Atau kita percayakan saja kepada Ida Betara Kawitan dengan merasa cukup dengan menjalankan ritual atau pecaruan-pecaruan? Yang mendesak untuk kita bangun adalah sebuah sistem pendidikan yang utuh, sekolah-sekolah dan universitas-universitas yang diasuh dengan cinta, yang nantinya mampu menghasilkan pemikir-pemikir Bali yang punya nurani, punya pemahaman estetika, dan visi ke depan (bukan otot-ototan melulu, tetapi otak-otakan). Dengan berbekal nurani, kalau mereka tidak bisa membuat sistem keamanan super canggih itu, setidaknya bisa mengoperasikannya dengan santun.
Pemugaran relief orang asing naik sepeda di Pura Meduwekarang merupakan sebuah pelajaran sejarah yang luar biasa. Momentum gempa 1917, oleh masyarakat dijadikan kesempatan untuk membongkar/memugar sesuatu yang ”asing” itu dengan cara yang sangat arif. (Ban belakang diganti dengan ukiran bunga. Ban depan telah diganti dengan ukiran cakra dan jeruji dalamnya diganti dengan Trisula. Orang yang mengendarainya, yang sebelumnya berpakaian nampak asing, telah diganti busananya dengan pakaian Bali, dengan udeng dan kamen).
Dalam pemugaran itu, ada nilai yang dipugar. (Dalam cultural studies, tindakan semacam ini bisa disebut dekontruksi). Ini sebuah pelajaran bagaimana semestinya kita ”memfilter” unsur asing, ”melokalkannya”. Sebuah kearifan bagaimana kita mesti ”memugar” sesuatu yang telah terlanjur ”keliru” kita bangun dengan memanfaatkan momentum gentuh.
Setelah gentuh teknologi yang kita alami (Bom Bali 2002), kita selayaknya memaknai peristiwa ini sebagai sebuah momentum untuk membongkar/memugar apa yang terlanjur salah kita bangun.
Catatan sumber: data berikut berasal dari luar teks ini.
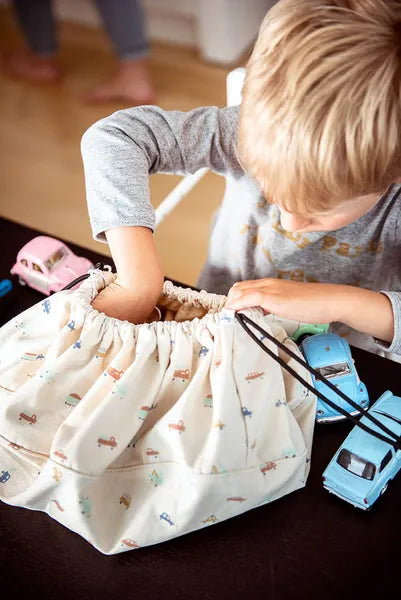 Mini sac de rangement et tapis de jeux motif voitures de Playandgo - vue du sac ouvert avec un enfant qui plonge sa main dedans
Kita seharusnya membongkar ”kebekuan berpikir” bahwa pariwisata adalah pangeran yang suci dari dosa. Dalam banyak hal, pangeran kita ini telah melakukan kesalahan (Sudah banyak ”dosa kultural” yang secara langsung/atau tidak langsung telah ia perbuat).
Dalam kerja dekonstruksi budaya, apa yang ada (pariwisata/pangeran kita) tidak harus dihentikan atau dibunuh. Semestinya kita terpanggil untuk membongkar/memugar kekeliruan-kekeliruannya. Kita mesti meruat atau lukat pangeran kita agar ia tersadar, tidak terlalu loba dan bersikap lebih arif. Kita dituntut untuk memaknai diri kita (budaya Bali) dengan pemaknaan baru. Seni budaya yang telah ia jual, harus kita tebus kembali. Nilai-nilai yang ia tabrak, harus kita tegakkan dengan cara-cara baru.
Sepeda Budaya
Dalam mengadapi situasi kita sekarang, ”sepeda budaya” kita, ban belakangnya mesti kita ganti dengan ”bunga”. (Bunga adalah lambang sesuatu yang berkembang/mekar, sesuatu yang akan menjadi buah, sarana kita saat berdoa, keindahan paling alamiah yang bergantung pada ibu bumi/tanah. Tidakkah ini sebuah petunjuk agar kita memperhatikan dan kembali pada tanah/air kita, pertanian kita?). Sementara itu, ban depannya, sebagai pusat kendali, harus kita ganti dengan Cakra dan jeruji mesti kita ganti dengan Trisula. (Cakra adalah senjata Dewa Wisnu, simbol dari kekuatan penciptaan/stiti. Wisnu bersakti Dewi Sri, ibu kesuburan/ pertanian. Trisula adalah senjata Dewa Sambu, senjata bermata tiga yang penuh keseimbangan. Sebuah senjata untuk mengawal dan memperjuangkan keseimbangan).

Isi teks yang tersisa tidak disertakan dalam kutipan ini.